Top of DATA FOR REVIEW

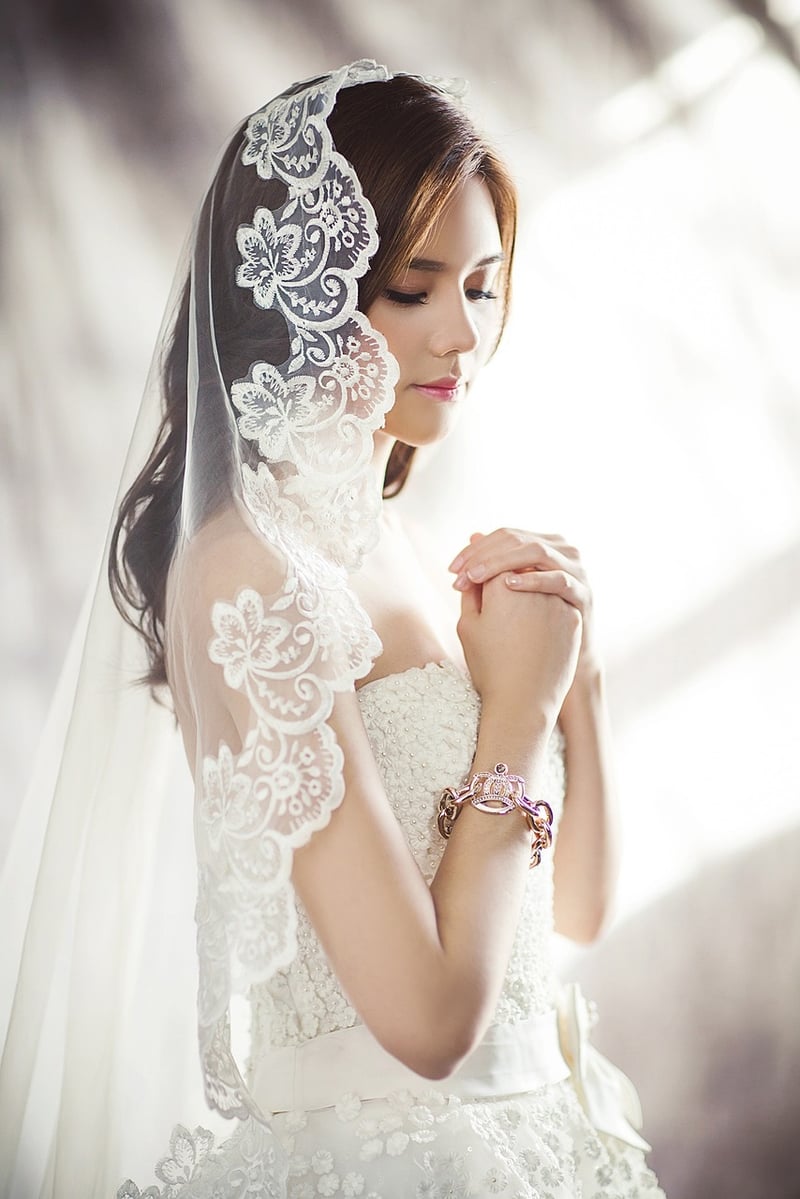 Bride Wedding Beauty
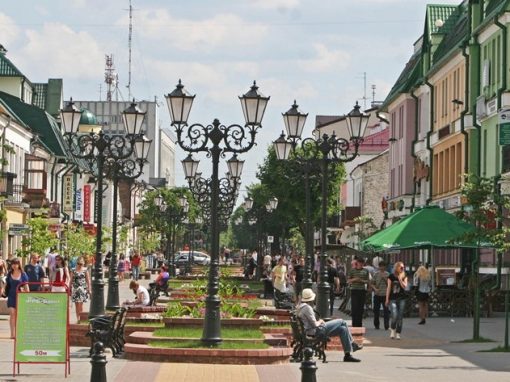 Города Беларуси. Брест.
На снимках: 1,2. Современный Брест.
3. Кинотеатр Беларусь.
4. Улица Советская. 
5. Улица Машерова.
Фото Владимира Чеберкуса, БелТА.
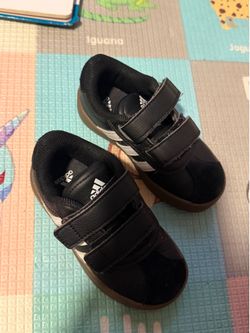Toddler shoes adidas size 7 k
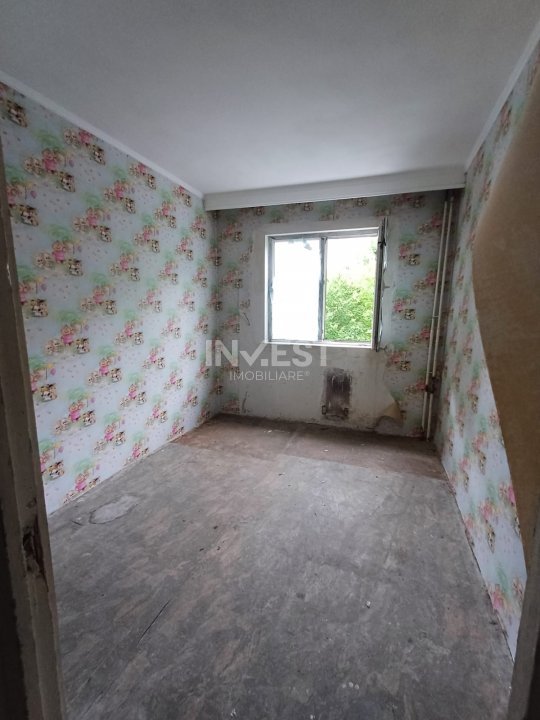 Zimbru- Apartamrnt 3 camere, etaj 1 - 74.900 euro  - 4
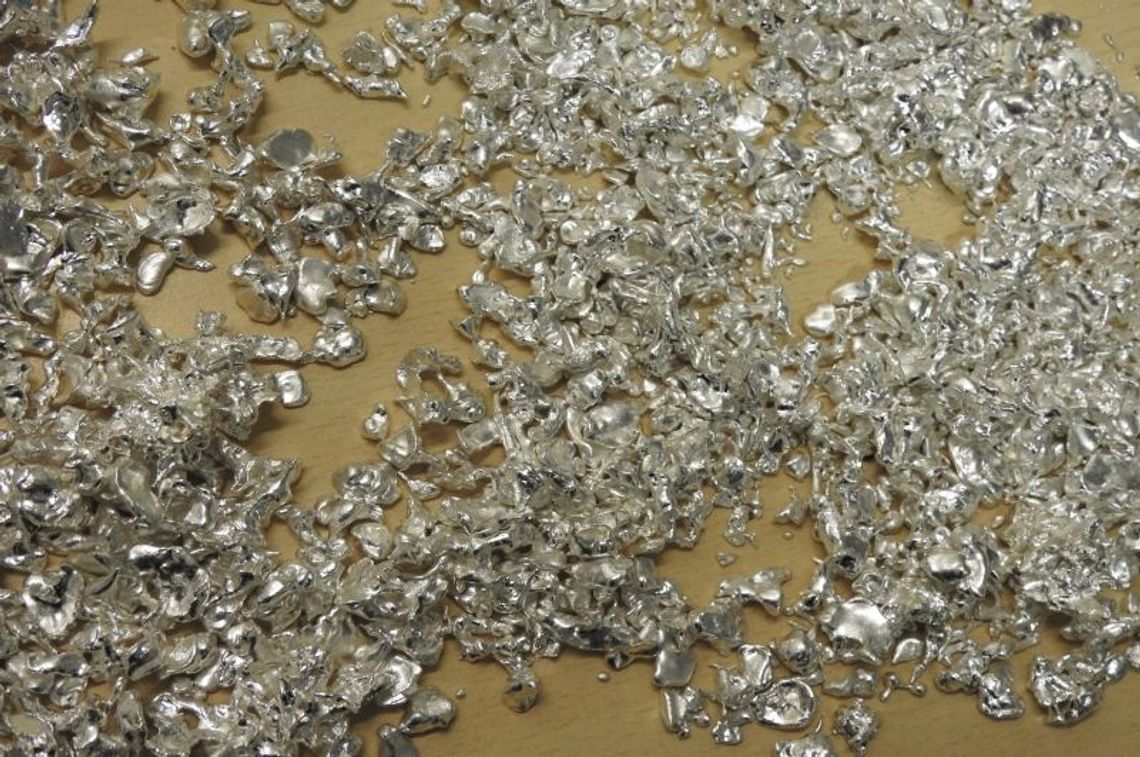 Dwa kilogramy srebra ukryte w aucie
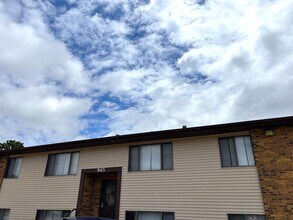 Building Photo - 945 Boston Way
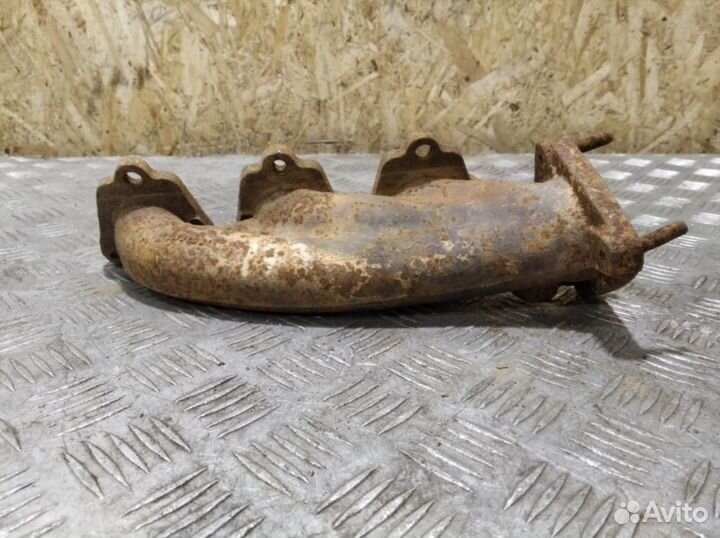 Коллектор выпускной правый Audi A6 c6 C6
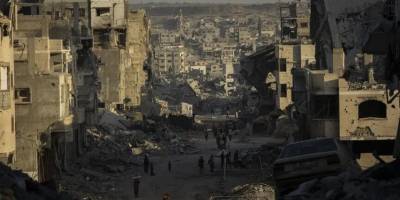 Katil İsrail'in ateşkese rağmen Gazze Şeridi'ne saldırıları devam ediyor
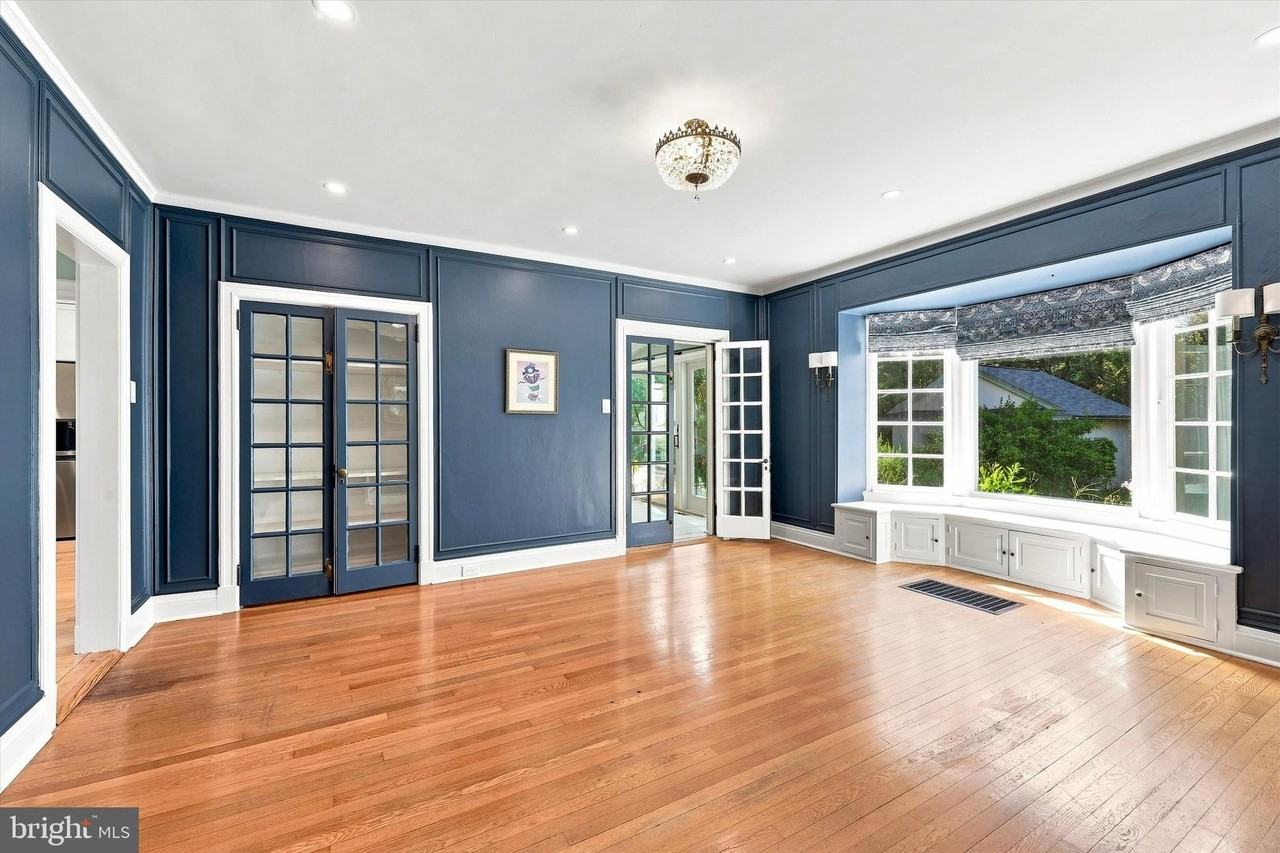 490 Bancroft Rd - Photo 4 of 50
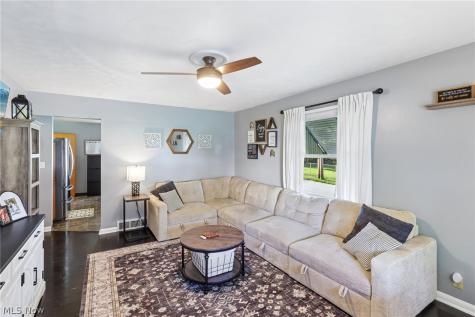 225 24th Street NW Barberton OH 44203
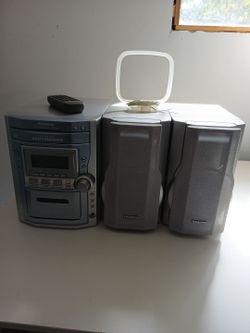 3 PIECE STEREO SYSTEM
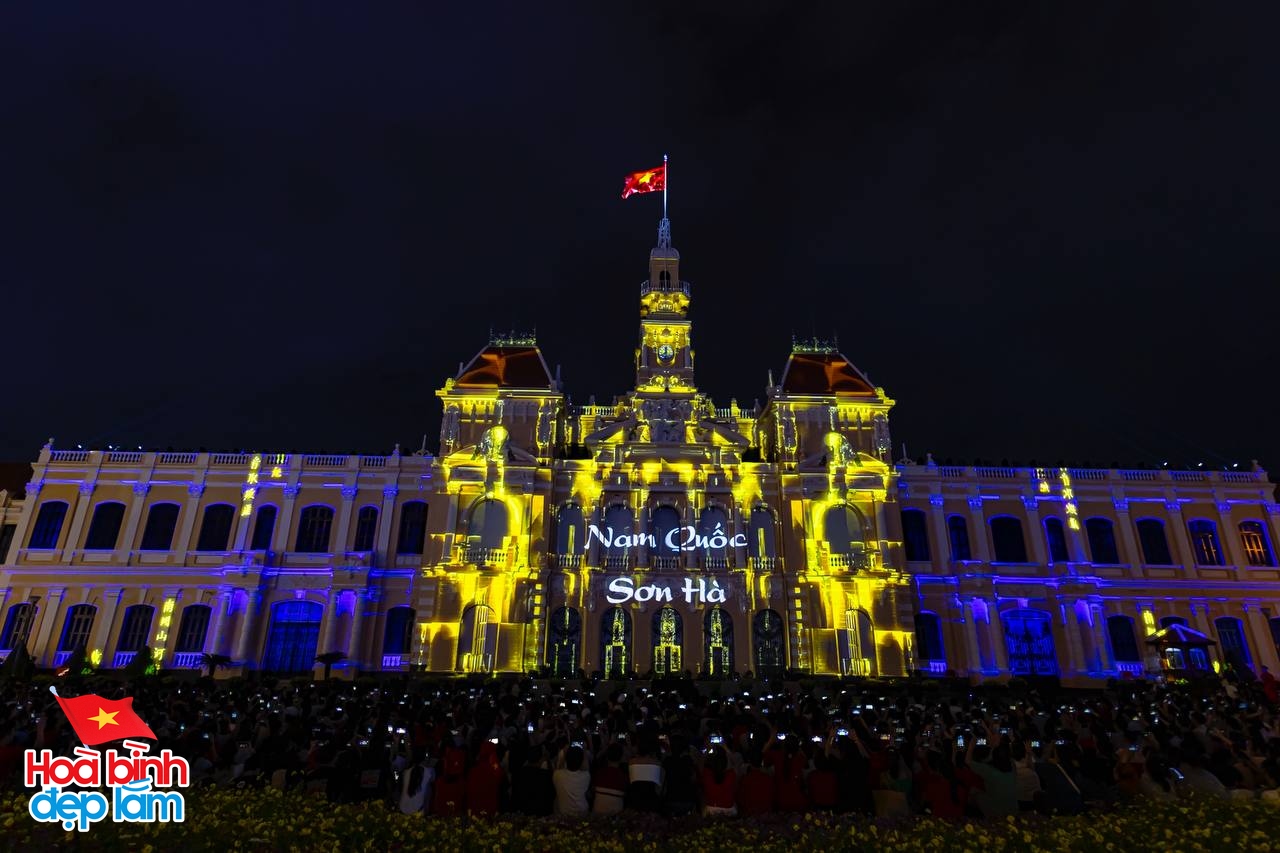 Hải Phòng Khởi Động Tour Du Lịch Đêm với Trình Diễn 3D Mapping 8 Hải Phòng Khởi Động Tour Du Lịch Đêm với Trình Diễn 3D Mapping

Bottom of DATA FOR REVIEW

WHAT THE TASK ASKS
A faithful, word-for-word copy of the records above, pictures left out, is the answer.

YOUR SOLUTION
 Bride Wedding Beauty
 Города Беларуси. Брест.
На снимках: 1,2. Современный Брест.
3. Кинотеатр Беларусь.
4. Улица Советская. 
5. Улица Машерова.
Фото Владимира Чеберкуса, БелТА.
Toddler shoes adidas size 7 k
 Zimbru- Apartamrnt 3 camere, etaj 1 - 74.900 euro  - 4
 Dwa kilogramy srebra ukryte w aucie
 Building Photo - 945 Boston Way
 Коллектор выпускной правый Audi A6 c6 C6
 Katil İsrail'in ateşkese rağmen Gazze Şeridi'ne saldırıları devam ediyor
 490 Bancroft Rd - Photo 4 of 50
 225 24th Street NW Barberton OH 44203
 3 PIECE STEREO SYSTEM
 Hải Phòng Khởi Động Tour Du Lịch Đêm với Trình Diễn 3D Mapping 8 Hải Phòng Khởi Động Tour Du Lịch Đêm với Trình Diễn 3D Mapping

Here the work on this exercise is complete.